Da führen Unternehmen das Wort vom „Internet der Dinge“ („Internet of Things“) per Pressemitteilung ein und bemerken gar nicht, dass das „IoT“ selbst schon fast zehn Jahre alt ist. Da kommen Geschäftsführer engagiert auf Betriebsräte zu und kündigen an, dass die Firma jetzt ganz vorne mitwirkt, in dem sie Tablets, Smartphones und eine E-Learning-Plattform sowie eine Wissensdatenbank einführen. Letzteres ist Fünfzehn Jahre alt! Da werden Sensoren und Aktoren, Nano- und Mikrotechnik als topmodern bemüht und vergessen, dass die digitalen Sensorchips am Gegenstand alias „RFID“ alias „Bluetooth Tag“ schon seit Jahren auf den Paletten fixiert waren. Ihre renovierte Gestalt in Form der frühen Cyber Physical Systems CPS wird als ganz neu gehandelt. Unternehmensberater schwärmen vom innovativen Typ des mobilen Arbeitens, doch sie übersehen, dass vieles davon unter dem Namen „alternierende Telearbeit“ bereits vor der Jahrtausendwende Alltag im Betrieb war.
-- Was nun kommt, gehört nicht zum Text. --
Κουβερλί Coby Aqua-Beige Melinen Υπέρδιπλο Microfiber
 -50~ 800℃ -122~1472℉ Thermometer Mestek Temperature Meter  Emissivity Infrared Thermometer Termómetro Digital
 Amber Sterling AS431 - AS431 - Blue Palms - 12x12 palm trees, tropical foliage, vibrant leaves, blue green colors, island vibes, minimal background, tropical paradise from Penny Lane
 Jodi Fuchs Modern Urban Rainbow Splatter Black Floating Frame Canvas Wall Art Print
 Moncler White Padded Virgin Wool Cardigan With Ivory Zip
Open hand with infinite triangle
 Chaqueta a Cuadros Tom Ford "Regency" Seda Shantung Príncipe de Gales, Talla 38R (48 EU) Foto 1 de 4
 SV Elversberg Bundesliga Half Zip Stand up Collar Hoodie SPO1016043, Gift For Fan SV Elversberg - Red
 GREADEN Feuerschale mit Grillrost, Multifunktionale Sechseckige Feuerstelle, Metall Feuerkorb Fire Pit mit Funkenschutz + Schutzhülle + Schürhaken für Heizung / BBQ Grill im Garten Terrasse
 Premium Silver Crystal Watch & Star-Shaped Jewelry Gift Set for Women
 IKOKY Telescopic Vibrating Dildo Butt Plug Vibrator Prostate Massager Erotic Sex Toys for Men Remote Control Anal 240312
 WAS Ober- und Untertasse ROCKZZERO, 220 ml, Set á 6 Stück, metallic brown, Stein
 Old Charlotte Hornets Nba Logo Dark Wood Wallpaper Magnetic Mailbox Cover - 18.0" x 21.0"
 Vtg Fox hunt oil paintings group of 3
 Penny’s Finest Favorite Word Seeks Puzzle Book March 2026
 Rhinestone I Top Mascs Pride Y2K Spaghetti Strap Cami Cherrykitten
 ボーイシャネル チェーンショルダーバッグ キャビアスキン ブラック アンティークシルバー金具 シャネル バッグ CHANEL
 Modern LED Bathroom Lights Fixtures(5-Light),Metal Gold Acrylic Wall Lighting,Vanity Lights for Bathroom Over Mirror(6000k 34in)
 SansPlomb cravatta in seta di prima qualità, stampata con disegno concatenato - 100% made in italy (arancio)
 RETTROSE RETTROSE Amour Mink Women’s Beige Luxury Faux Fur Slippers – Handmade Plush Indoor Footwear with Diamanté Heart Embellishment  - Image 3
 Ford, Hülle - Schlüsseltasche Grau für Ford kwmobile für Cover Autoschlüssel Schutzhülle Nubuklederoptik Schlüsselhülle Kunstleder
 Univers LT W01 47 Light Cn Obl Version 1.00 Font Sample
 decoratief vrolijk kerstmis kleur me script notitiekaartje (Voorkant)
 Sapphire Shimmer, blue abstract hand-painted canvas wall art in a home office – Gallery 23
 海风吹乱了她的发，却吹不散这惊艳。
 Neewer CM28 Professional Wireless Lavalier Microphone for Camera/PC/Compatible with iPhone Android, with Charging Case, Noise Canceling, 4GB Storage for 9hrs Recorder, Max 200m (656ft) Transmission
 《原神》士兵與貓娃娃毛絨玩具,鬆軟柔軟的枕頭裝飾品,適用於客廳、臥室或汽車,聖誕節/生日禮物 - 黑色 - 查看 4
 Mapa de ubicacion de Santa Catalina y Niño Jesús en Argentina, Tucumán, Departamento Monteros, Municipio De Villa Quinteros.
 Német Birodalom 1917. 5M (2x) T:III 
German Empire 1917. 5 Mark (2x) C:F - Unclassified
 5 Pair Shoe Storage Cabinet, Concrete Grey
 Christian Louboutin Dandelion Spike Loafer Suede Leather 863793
Das Thema „Arbeit 4.0“ ist ein sehr wichtiges Thema. Betriebsräte, Vertrauensleute und Gewerkschaft sind bei der sozialen Gestaltung der „digitalen Transformation“ vorne dabei. Doch den zahlreichen Onlinekommentatoren aus Wirtschaft und Technik sei nahe gelegt, fundierter zu argumentieren, wenn sie von Umsetzungen à la „Industrie 4.0“ berichten. Nicht selten handelt es sich in den Betrieben vor Ort um eine Art der nachholenden Digitalisierung: Unter der Überschrift „Vier Null“ werden technische, organisatorische und infrastrukturelle Neuerungen beschrieben, die in Wirklichkeit die Einlösung vergangener Versprechungen und die Kompensation zurückliegender Versäumnisse darstellen.

Es gilt daher, seriös zu unterscheiden, was gibt es an wertvollen soziotechnischen Innovationen (zum Beispiel autonome virtuelle Systeme in Echtzeit, selbstlernende CPS, flexible horizontale Wertschöpfungsketten oder cloudbasierte Verknüpfungen von Robotik-Einheiten), die tatsächlich neu sind, und was wird dagegen als neue Anwendung ausgegeben, um Unterlassenes zu kaschieren.

Nachholende Digitalisierung ist wichtig. Keine Frage. Sie ist die Voraussetzung für weitergehende Schritte. Aber sie ist noch nicht der weitergehende Schritt. Wir benötigen einen freien Blick auf das wirklich vorne Befindliche.